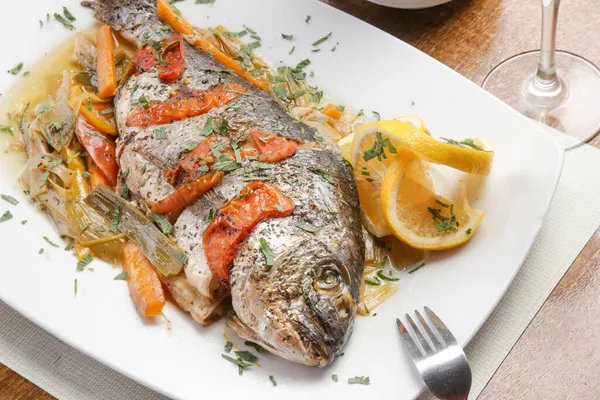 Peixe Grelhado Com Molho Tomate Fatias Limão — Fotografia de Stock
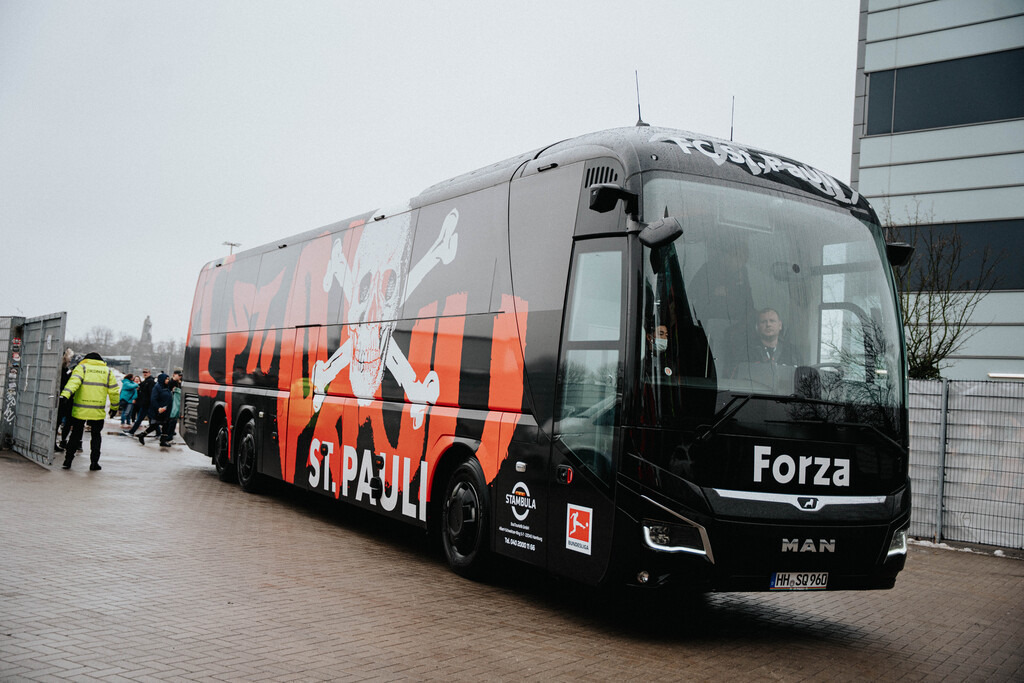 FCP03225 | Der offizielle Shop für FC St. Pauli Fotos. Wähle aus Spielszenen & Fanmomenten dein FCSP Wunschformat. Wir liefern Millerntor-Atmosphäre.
* * *
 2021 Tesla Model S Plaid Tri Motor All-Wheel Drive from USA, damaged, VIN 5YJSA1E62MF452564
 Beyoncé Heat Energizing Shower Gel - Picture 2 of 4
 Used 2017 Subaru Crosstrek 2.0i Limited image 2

TASK: Please repeat the lines of the material above exactly, starting with the line that contains "Peixe Grelhado Com" and ending with the line that contains "FCP03225 | Der". Leave the pictures out.

EXERCISE OUTPUT:
 Peixe Grelhado Com Molho Tomate Fatias Limão — Fotografia de Stock
 FCP03225 | Der offizielle Shop für FC St. Pauli Fotos. Wähle aus Spielszenen & Fanmomenten dein FCSP Wunschformat. Wir liefern Millerntor-Atmosphäre.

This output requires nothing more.